As he watched, the centrifugal machine spun down to a stop, and Polly Tang unbuckled herself from the seat.

“Hi, Kevin.”

“Want to come along and watch me change out of my flight suit?”

“No.”

“Want to join me for lunch?”

“Sure. My treat.”

Tang was wearing the blue jumpsuit with built-in boots that everyone aboard Themis wore for its practicality. It did not disguise the trim curves of her petite figure. That view, however, would be as close as he would get. Though the two of them had enjoyed their repartee for a long time, Tang was married to the chief HoneyBee engineer at Wet Country and had two children she adored.

She waited while he slipped into the pilots’ locker room, doffed his environmental suit, and pulled on a fresh jumpsuit.
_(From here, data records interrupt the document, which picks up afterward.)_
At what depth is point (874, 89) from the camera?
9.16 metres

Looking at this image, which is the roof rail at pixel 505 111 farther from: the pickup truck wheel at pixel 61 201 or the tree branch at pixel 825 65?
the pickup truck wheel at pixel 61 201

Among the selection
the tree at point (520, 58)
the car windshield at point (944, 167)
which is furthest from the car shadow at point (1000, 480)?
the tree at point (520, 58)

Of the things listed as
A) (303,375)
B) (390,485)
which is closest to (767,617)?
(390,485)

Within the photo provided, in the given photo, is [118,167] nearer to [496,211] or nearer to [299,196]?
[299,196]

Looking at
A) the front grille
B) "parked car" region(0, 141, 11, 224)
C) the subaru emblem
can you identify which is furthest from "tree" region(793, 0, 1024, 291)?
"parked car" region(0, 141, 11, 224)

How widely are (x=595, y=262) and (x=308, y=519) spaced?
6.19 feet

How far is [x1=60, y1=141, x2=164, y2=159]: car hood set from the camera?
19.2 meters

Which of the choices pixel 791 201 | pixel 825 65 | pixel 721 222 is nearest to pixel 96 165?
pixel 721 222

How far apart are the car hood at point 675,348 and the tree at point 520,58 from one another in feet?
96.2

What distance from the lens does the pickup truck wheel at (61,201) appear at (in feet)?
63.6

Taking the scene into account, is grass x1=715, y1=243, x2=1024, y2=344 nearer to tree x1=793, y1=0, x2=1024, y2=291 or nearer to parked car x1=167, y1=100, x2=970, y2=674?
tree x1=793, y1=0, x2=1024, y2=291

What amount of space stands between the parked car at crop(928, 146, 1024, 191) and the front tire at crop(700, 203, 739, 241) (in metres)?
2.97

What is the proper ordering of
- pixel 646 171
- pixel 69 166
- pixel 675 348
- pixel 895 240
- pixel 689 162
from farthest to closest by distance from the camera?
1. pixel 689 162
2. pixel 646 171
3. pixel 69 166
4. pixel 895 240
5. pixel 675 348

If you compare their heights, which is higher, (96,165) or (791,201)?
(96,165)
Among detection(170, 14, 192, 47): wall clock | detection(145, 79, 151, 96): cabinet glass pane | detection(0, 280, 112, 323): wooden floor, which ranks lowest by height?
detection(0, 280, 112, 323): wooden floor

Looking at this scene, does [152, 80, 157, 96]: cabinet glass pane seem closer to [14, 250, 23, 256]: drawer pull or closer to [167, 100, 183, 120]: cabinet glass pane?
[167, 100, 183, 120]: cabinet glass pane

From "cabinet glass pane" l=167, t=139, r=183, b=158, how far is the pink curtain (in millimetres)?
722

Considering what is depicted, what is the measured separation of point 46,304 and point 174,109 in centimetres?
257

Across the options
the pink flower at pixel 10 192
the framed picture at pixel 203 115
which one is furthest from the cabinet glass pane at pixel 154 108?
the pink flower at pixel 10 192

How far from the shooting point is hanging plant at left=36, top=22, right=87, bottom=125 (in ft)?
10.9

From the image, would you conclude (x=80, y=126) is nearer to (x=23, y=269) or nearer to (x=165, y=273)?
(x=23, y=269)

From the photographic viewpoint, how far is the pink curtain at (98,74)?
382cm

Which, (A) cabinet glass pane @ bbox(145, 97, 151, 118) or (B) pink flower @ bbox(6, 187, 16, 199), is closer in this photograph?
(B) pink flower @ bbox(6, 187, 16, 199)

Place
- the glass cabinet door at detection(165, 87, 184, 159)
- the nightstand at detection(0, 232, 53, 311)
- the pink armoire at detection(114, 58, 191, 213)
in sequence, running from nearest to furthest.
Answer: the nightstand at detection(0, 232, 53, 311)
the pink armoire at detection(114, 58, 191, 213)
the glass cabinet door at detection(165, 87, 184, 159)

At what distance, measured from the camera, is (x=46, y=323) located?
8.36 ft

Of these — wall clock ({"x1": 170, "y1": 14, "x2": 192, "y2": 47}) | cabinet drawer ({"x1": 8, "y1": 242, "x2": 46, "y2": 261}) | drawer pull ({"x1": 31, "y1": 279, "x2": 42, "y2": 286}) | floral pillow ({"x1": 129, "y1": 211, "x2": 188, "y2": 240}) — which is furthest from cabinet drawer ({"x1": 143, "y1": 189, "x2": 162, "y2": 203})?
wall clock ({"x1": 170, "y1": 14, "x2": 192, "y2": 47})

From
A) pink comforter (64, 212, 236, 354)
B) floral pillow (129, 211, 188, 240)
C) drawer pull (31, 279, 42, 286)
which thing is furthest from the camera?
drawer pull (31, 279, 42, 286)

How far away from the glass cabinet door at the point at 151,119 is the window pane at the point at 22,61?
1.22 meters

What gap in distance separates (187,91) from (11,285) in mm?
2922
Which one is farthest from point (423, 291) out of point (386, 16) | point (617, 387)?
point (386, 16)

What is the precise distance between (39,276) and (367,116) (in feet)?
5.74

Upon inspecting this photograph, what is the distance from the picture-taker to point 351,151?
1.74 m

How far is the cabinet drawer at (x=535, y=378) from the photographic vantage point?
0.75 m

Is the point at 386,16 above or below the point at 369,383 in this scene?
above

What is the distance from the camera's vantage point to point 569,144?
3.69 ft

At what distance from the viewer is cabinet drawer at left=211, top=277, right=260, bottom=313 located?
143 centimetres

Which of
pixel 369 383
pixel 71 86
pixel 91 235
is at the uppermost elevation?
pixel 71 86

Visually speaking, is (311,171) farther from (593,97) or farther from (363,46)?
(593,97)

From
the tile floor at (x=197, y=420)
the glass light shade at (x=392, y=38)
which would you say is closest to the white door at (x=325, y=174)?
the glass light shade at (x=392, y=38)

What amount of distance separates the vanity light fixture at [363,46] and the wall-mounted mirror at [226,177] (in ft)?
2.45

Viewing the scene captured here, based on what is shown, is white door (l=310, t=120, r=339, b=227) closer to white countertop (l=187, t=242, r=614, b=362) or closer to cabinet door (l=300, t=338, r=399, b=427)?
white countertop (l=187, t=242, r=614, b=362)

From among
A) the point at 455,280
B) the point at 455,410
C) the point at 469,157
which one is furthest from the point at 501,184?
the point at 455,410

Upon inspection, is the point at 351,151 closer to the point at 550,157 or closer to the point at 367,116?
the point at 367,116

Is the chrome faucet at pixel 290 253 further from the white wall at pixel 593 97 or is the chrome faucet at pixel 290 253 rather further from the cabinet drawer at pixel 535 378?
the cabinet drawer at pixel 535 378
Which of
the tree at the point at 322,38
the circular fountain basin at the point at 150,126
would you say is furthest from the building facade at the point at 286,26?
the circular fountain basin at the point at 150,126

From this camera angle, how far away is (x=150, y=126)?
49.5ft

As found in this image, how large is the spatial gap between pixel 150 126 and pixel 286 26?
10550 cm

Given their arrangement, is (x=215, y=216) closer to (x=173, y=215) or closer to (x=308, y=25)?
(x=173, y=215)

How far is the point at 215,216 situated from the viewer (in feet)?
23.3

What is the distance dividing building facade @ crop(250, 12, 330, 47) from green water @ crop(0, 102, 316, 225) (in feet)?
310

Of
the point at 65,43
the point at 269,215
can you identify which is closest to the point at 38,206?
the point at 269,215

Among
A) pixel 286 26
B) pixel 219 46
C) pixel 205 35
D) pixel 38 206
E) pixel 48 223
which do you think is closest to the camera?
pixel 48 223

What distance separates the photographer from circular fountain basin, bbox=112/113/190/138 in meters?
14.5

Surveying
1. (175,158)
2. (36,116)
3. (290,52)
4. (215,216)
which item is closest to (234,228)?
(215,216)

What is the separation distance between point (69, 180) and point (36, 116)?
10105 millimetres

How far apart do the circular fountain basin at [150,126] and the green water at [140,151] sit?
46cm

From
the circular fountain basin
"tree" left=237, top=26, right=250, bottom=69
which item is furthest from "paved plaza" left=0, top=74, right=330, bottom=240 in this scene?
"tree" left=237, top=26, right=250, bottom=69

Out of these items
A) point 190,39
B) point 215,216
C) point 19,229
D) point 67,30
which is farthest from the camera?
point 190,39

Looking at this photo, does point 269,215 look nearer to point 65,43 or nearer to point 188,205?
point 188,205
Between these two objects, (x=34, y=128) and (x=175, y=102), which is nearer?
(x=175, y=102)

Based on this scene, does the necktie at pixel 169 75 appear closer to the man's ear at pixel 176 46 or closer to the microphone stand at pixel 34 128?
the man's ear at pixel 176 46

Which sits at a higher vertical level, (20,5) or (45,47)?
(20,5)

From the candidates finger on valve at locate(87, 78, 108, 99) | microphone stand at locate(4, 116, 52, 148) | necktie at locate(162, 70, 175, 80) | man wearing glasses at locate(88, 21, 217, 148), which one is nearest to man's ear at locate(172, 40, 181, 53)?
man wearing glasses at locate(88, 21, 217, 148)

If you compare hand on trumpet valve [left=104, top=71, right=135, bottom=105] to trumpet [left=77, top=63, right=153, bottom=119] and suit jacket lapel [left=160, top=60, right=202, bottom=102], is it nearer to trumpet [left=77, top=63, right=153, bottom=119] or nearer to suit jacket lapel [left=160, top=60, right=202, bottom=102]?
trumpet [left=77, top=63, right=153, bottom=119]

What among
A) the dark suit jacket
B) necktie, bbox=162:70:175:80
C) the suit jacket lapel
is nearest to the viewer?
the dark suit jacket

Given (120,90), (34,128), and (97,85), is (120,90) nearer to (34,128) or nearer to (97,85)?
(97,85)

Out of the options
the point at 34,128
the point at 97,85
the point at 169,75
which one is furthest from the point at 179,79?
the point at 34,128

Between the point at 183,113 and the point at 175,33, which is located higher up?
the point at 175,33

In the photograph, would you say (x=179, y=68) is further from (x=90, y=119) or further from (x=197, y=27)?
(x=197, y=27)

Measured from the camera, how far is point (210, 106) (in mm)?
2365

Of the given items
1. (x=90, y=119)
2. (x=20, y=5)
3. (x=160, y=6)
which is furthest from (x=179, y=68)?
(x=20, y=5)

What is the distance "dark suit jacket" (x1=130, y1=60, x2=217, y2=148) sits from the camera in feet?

Aboard the space station, no one wore insignia or badges of rank.

He pulled himself through the curtain back into the corridor. “Ready, lover?”

“After you,” she said.

“The view’s better if I follow you.”

“After you,” she said.

McKenna grinned and asked, “Do you have a dining preference?”

“The Skylight Room in Sixteen today, I think.”

“A charming place,” McKenna agreed, and shoved off the hatchway jamb. Tang followed.

The corridor bisected the hub, and when McKenna reached the curved hallway that went clear around the outer diameter of the hub, he caromed off the outer wall, pushing off again. He heard Tang’s feet slap at the bulkhead as she pursued him.